The Dow was flat as bargain hunters bought some defensive large-cap stocks, while the S&P 500 and the Nasdaq fell on Monday as the latest round of the global equity sell-off gave investors a reason to avoid risk. Declining stocks outnumbered advancing stocks by more than 3 to 1 on both the New York Stock Exchange and the Nasdaq.
The blue chip Dow average was little changed as investors snapped up stocks in the consumer staples and health-care sectors, often seen as safer bets in times of turmoil. Coca-Cola Co was the top positive influence on the Dow, up 1.6 percent at $46.60. Shares of drug company Merck were right behind it, rising 0.8 percent to $44.56. Meanwhile, the small-cap Russell 2000 index, meanwhile, was down 1.4 percent.
"This correction has been building for at least the last nine months ... and we're not getting the all clear sign," said Michael Vogelzang, president of Boston Advisors Inc. "Nothing here would surprise me for the rest of the day. I just don't think anyone knows where the emotion and reaction is going to take us."
The Dow Jones industrial average was unchanged from Friday's close at 12,114.10. The Standard & Poor's 500 Index was down 4.21 points, or 0.30 percent, at 1,382.93. The Nasdaq Composite Index was down 12.90 points, or 0.54 percent, at 2,355.10.

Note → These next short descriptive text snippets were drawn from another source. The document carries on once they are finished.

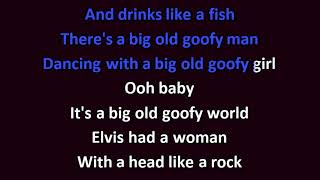 John Prine - It&#39;s a Big Old Goofy World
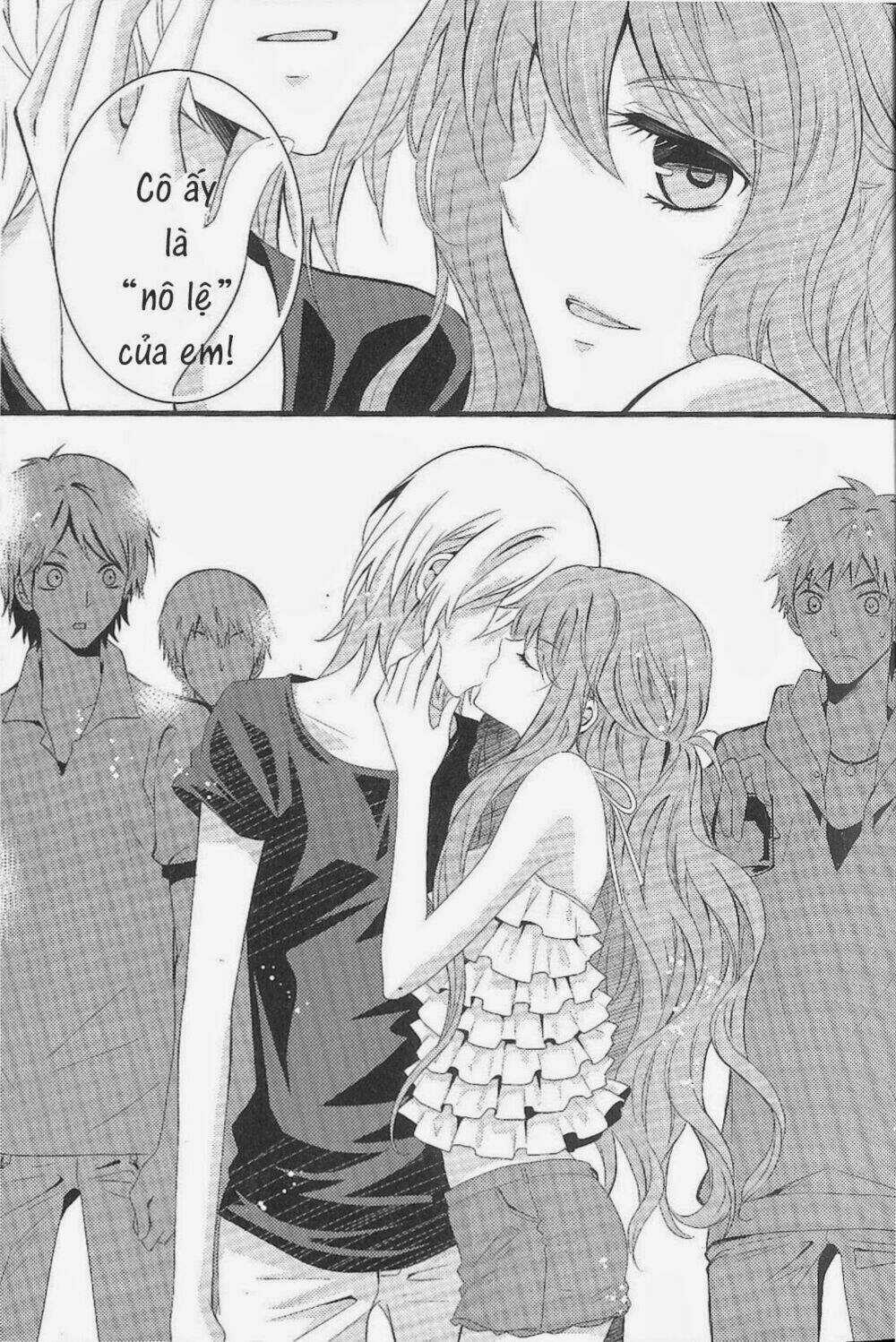 Fujiyuu Sekai - Chapter 1 - Trang 5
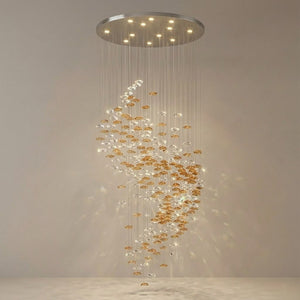 Tidal Stair Chandelier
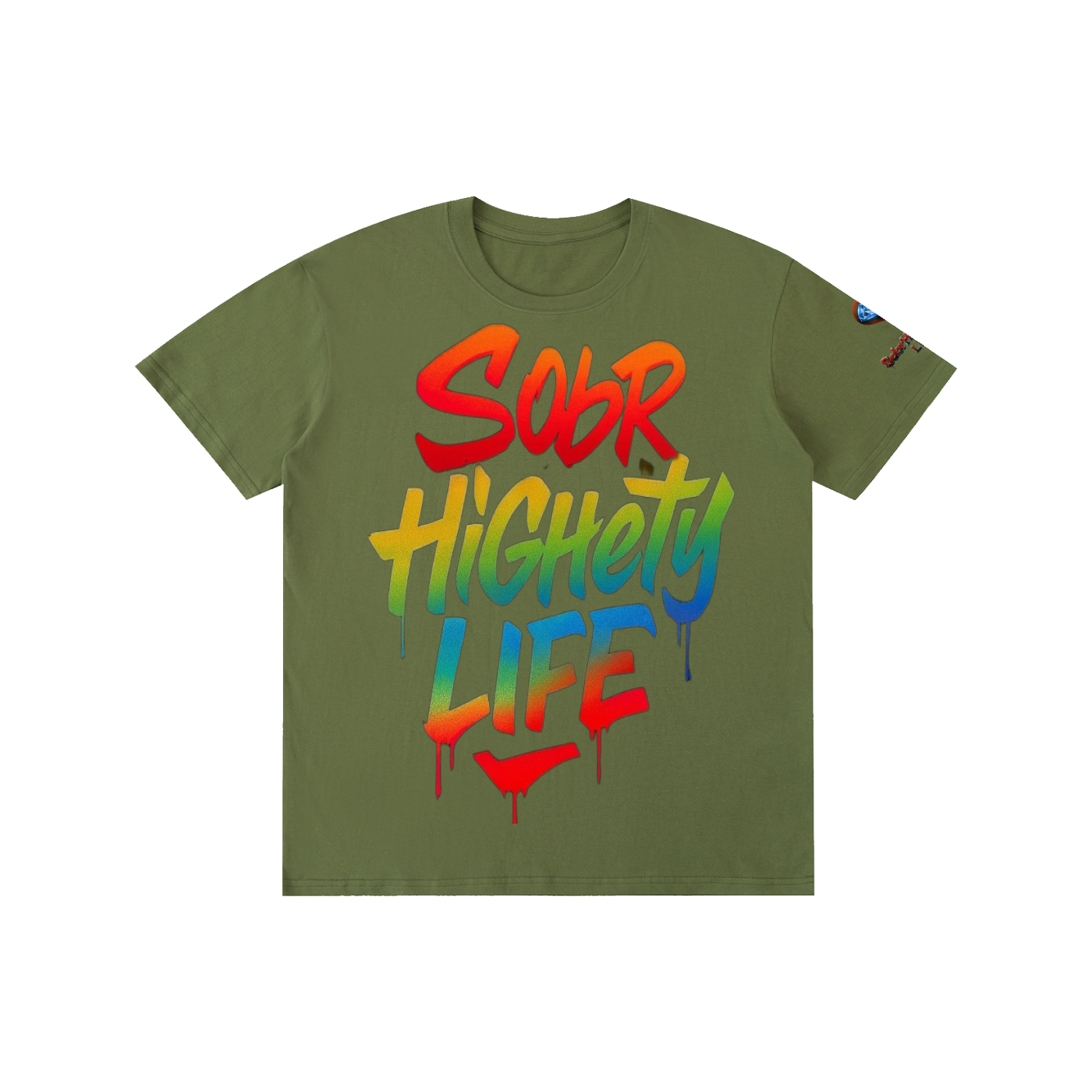 Tagged graphic SobrHIGHetyLIFE Unisex T-Shirt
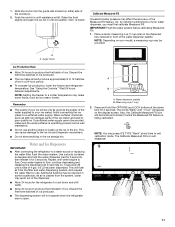 It should roll fine after that. How To Lock Unlock The Wheel Whirlpool Gz25fsrxyy Support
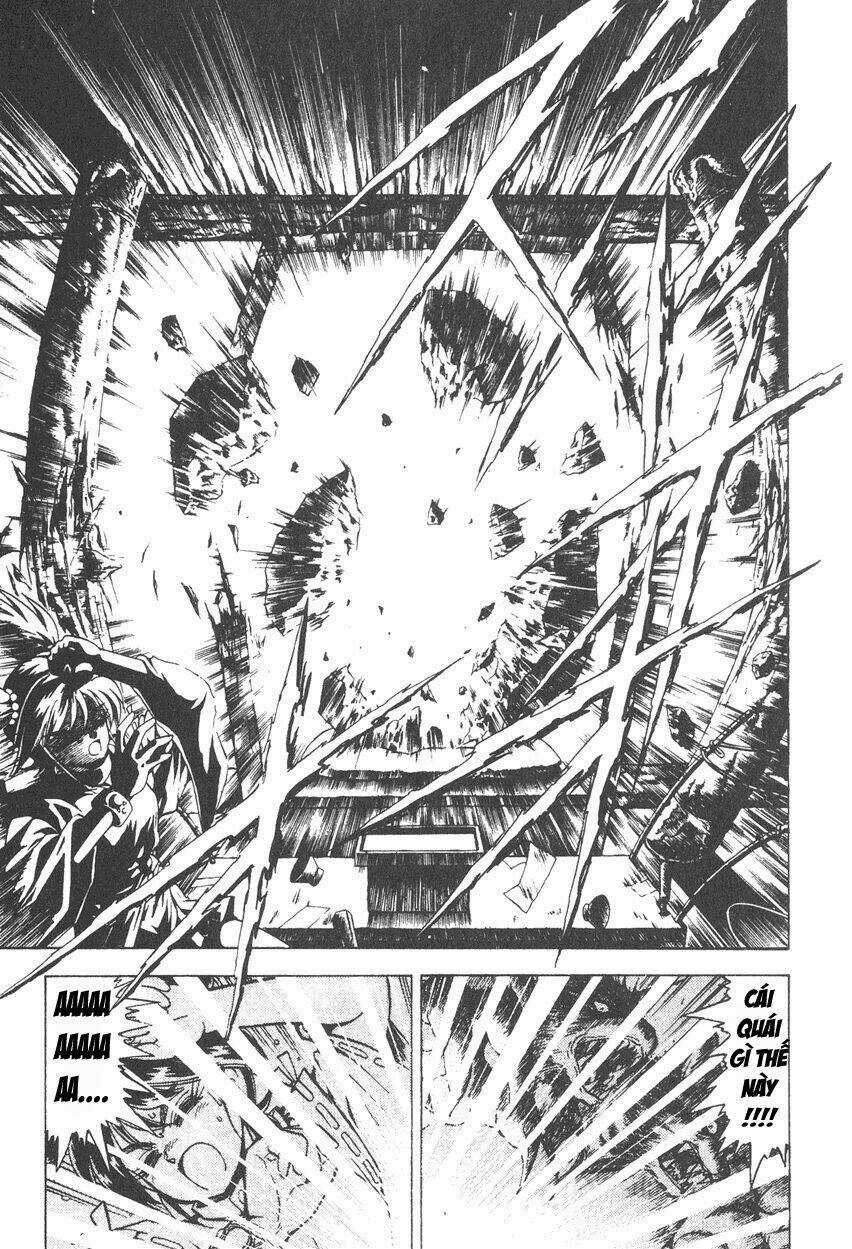 Tiểu Thần Zenki - Kishin Douji Zenki Chapter 1 trang 40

Trading was volatile with the major US stock indexes flipping between positive and negative territory throughout the day. The CBOE Volatility index, or VIX, was up 1.5 percent. US stocks performed relatively better than equities markets overseas. Tokyo's Nikkei average fell 3.34 percent, marking its biggest one-day tumble in nine months, while the FTSEurofirst 300 ended down 1.2 percent.
But investors were still reeling from last week's sell-off, which cost S&P 500 investors about $572 billion, according to Standard & Poor's. New Century Financial corp. led a broad decline among subprime mortgage lenders as the crisis in the sector escalated. New Century shares plunged 66 percent to $5.03 and topped the Big Board's list of percentage decliners amid regulatory examinations into the company's accounting errors and stock trading.
Shares of Fremont General Corp, the second-largest independent subprime lender, slid 26.2 percent to $6.42 on the NYSE. In economic news, the Institute for Supply Management's monthly service sector index, was below expectations and down from the previous month, but it showed further growth in services, the largest segment of the US economy.